`declearn.dataset.torch.collate_with_padding`

Collate input elements into batches, with padding when required.

This custom collate function is designed to enable padding samples of variable length as part of their stacking into mini-batches. It relies on the torch.nn.utils.rnn.pad_sequence utility function and supports receiving samples that contain both inputs that need padding and that do not (e.g. variable-length token sequences as inputs but fixed-size values as labels).

It may be used as collate_fn argument to the declearn TorchDataset to wrap up data that needs such collation - but users are free to set up and use their own custom function if this fails to fit their data.

Parameters:

Name	Type	Description	Default
`samples`	`List[Tuple[Union[torch.Tensor, List[torch.Tensor]], ...]]`	Sample-level records, formatted as (same-structure) tuples with torch tensors and/or lists of tensors as elements. None elements are also supported.	required

Returns:

Name	Type	Description
`batch`	`Tuple[Union[List[torch.Tensor], torch.Tensor], ...]`	Tuple with the same structure as input ones, collating sample-level records into batched tensors.

Source code in declearn/dataset/torch/_utils.py

def collate_with_padding(
    samples: List[Tuple[Union[torch.Tensor, List[torch.Tensor]], ...]],
) -> Tuple[Union[List[torch.Tensor], torch.Tensor], ...]:
    """Collate input elements into batches, with padding when required.

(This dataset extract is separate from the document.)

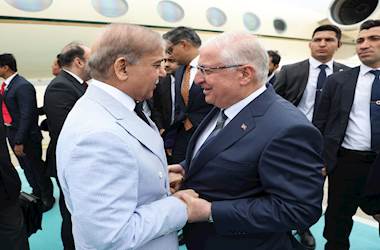 Millî Savunma Bakanı Yaşar Güler, Pakistan’ın Başbakanı Sayın Şahbaz Şerif’i İstanbul’a Gelişinde Havalimanında Törenle Karşıladı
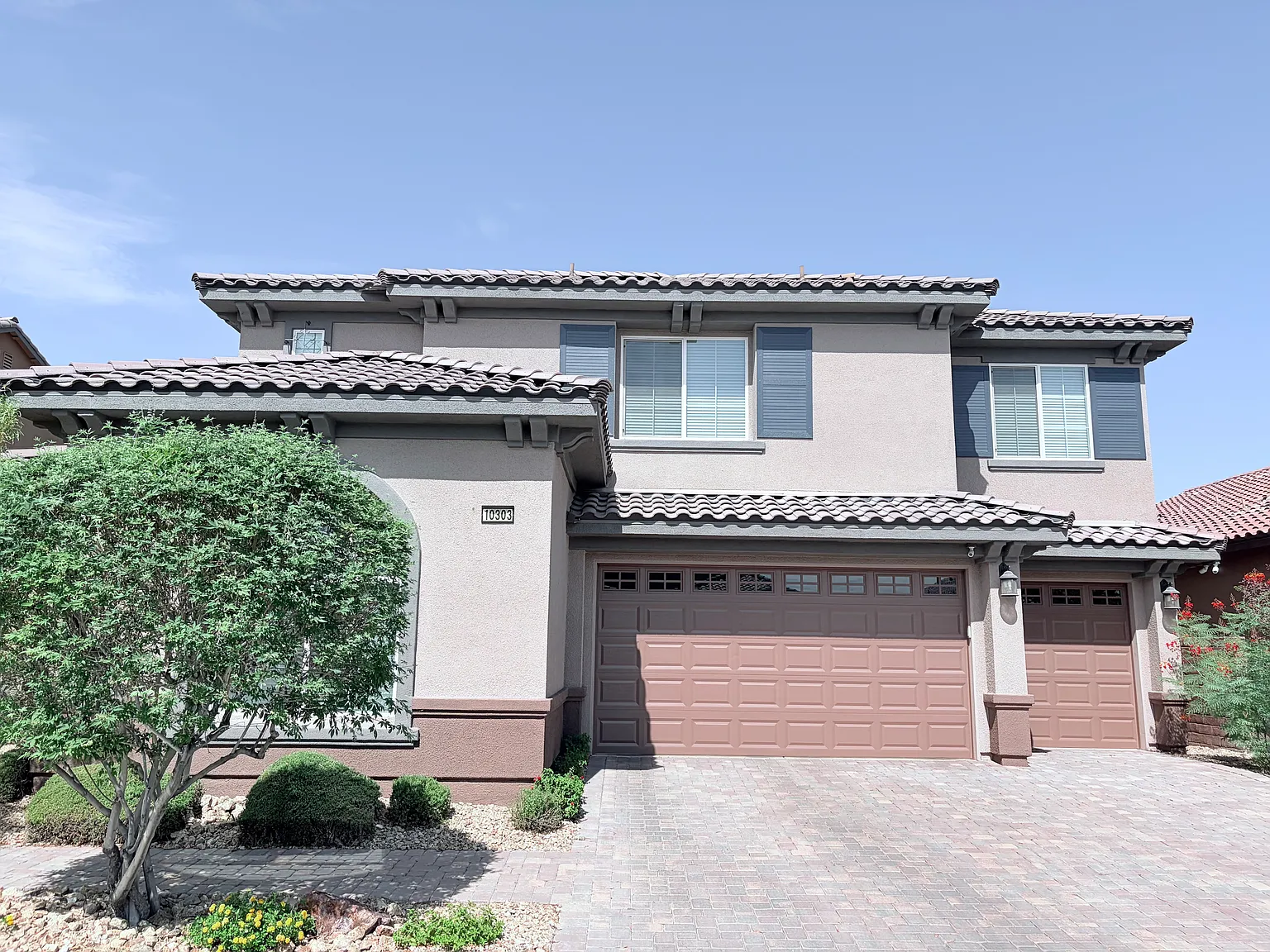 4 bed, 4.5 bath, 3281 sqft, $3,000 — Photo 1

    This custom collate function is designed to enable padding samples of
    variable length as part of their stacking into mini-batches. It relies
    on the `torch.nn.utils.rnn.pad_sequence` utility function and supports
    receiving samples that contain both inputs that need padding and that
    do not (e.g. variable-length token sequences as inputs but fixed-size
    values as labels).

    It may be used as `collate_fn` argument to the declearn `TorchDataset`
    to wrap up data that needs such collation - but users are free to set
    up and use their own custom function if this fails to fit their data.

    Parameters
    ----------
    samples:
        Sample-level records, formatted as (same-structure) tuples with
        torch tensors and/or lists of tensors as elements. None elements
        are also supported.

    Returns
    -------
    batch:
        Tuple with the same structure as input ones, collating sample-level
        records into batched tensors.
    """
    output = []  # type: List[Union[List[torch.Tensor], torch.Tensor]]
    for i, element in enumerate(samples[0]):
        if element is None:
            output.append(None)
            continue
        if isinstance(element, (list, tuple)):
            out = [
                torch.nn.utils.rnn.pad_sequence(
                    [smp[i][j] for smp in samples],
                    batch_first=True,
                )
                for j in range(len(element))
            ]  # type: Union[torch.Tensor, List[torch.Tensor]]
        elif element.shape:
            out = torch.nn.utils.rnn.pad_sequence(
                [smp[i] for smp in samples],  # type: ignore  # false-positive
                batch_first=True,
            )
        else:
            out = torch.stack(  # pylint: disable=no-member
                [smp[i] for smp in samples]  # type: ignore
            )
        output.append(out)
    return tuple(output)